- [TASK DETAILS] What should be copied is the stretch of entries below from the line with "#OrangeDigitalCenter 🇹🇳" up to and including the line with "Un workshop collaboratif", exactly and without images.

- [DATA PROVIDED]

Content starts

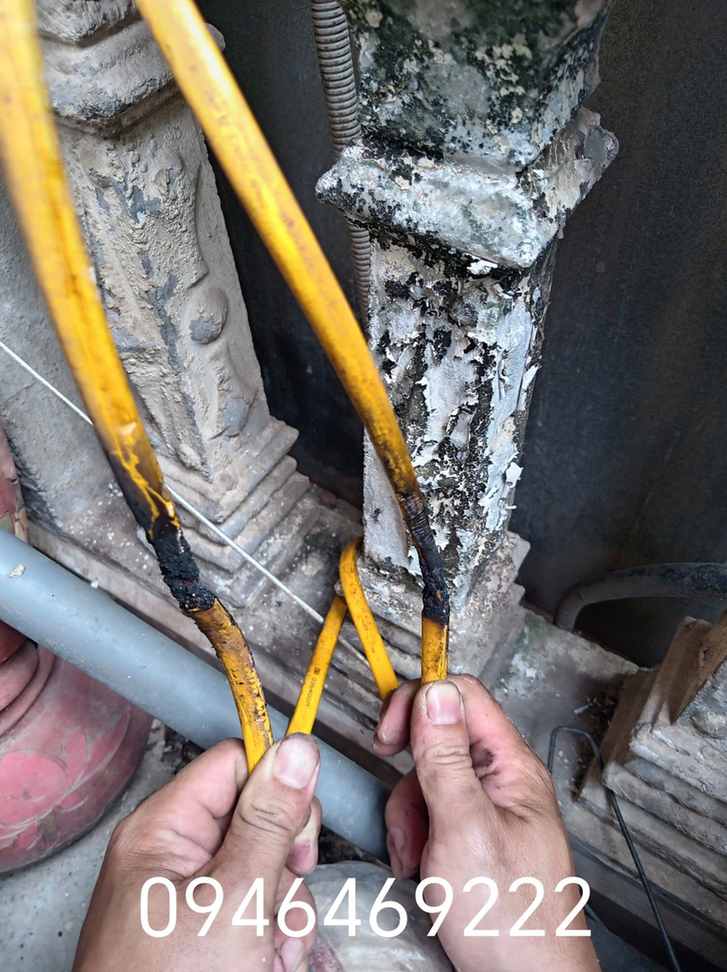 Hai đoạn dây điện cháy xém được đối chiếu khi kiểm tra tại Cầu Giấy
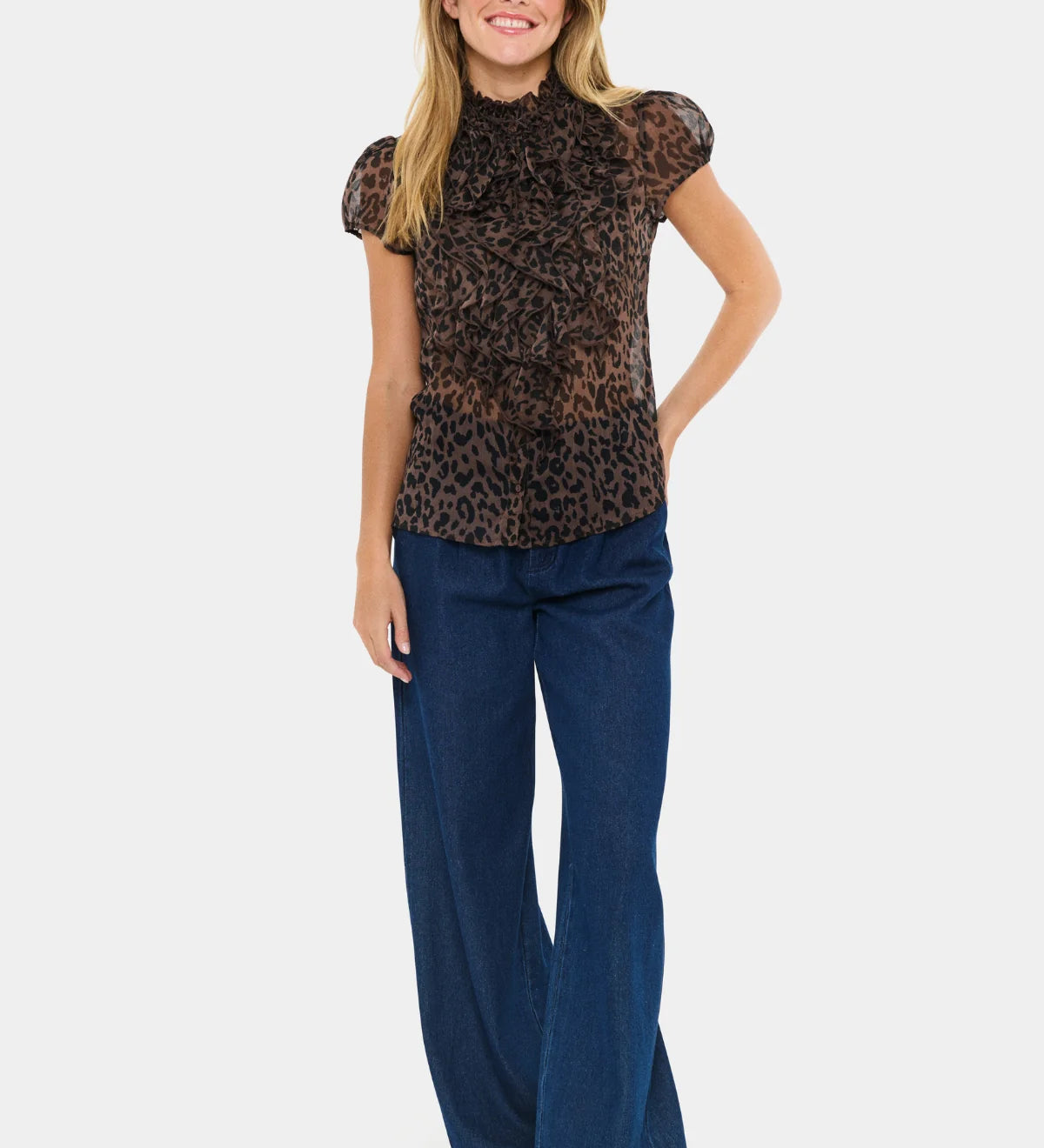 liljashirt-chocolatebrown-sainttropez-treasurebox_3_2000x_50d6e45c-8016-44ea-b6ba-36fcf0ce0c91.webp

Content ends
Content starts

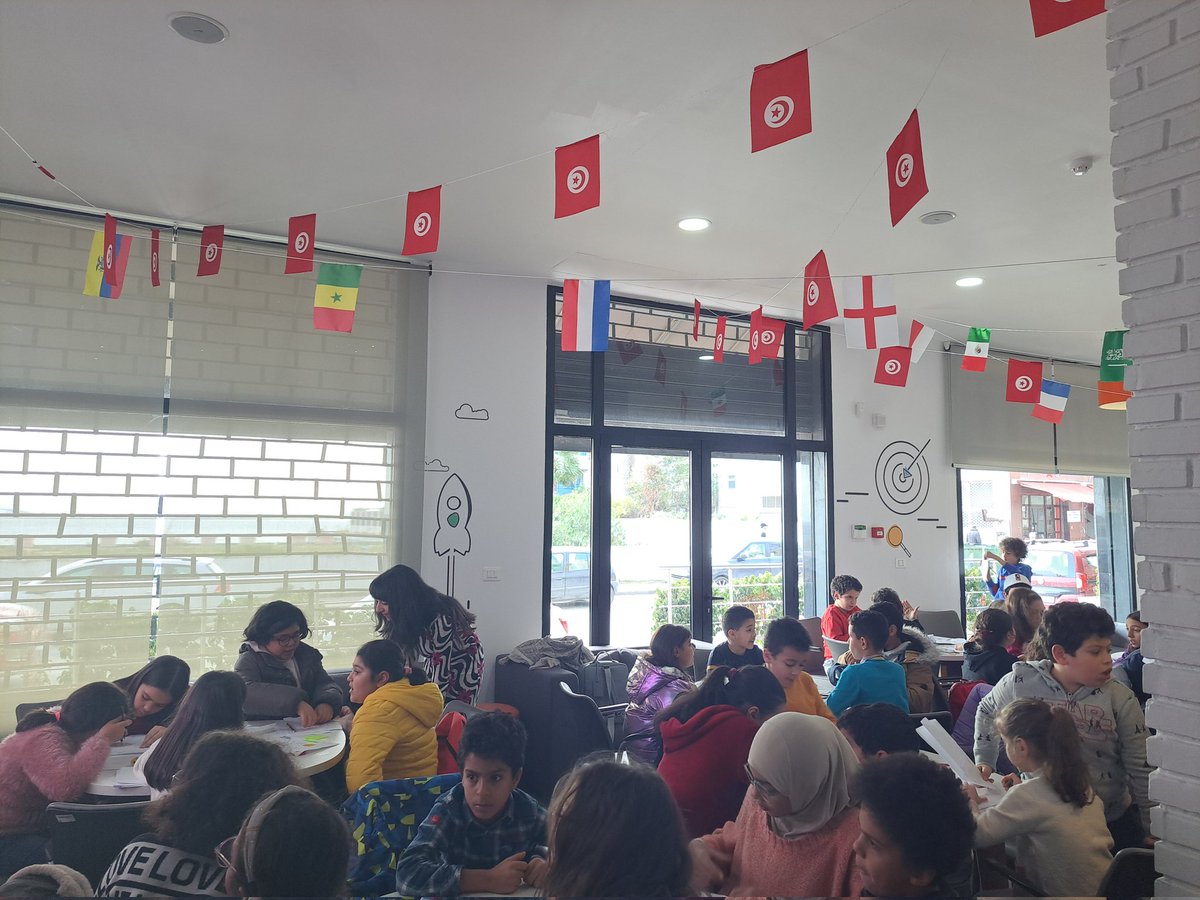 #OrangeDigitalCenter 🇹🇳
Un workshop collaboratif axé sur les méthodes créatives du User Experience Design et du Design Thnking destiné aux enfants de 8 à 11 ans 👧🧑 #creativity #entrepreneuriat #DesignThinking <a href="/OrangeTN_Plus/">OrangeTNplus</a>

Content ends
Content starts

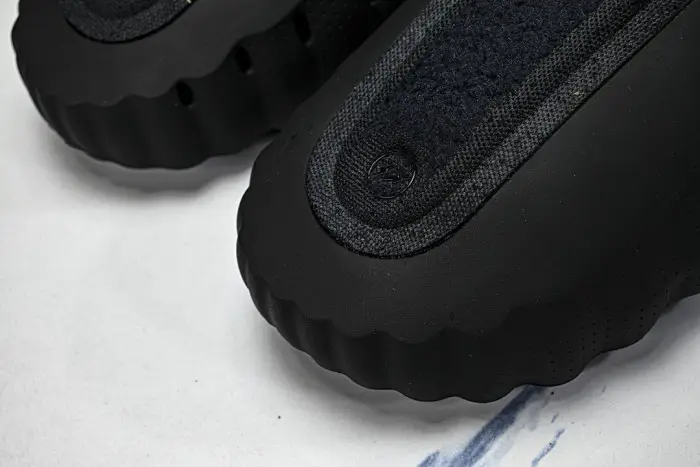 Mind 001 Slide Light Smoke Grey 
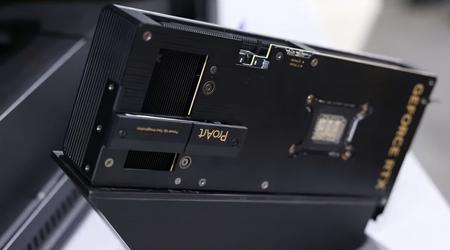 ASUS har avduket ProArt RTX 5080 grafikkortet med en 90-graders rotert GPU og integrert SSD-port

Content ends

- [SOLUTION TO THE PROBLEM]
 #OrangeDigitalCenter 🇹🇳
Un workshop collaboratif axé sur les méthodes créatives du User Experience Design et du Design Thnking destiné aux enfants de 8 à 11 ans 👧🧑 #creativity #entrepreneuriat #DesignThinking <a href="/OrangeTN_Plus/">OrangeTNplus</a>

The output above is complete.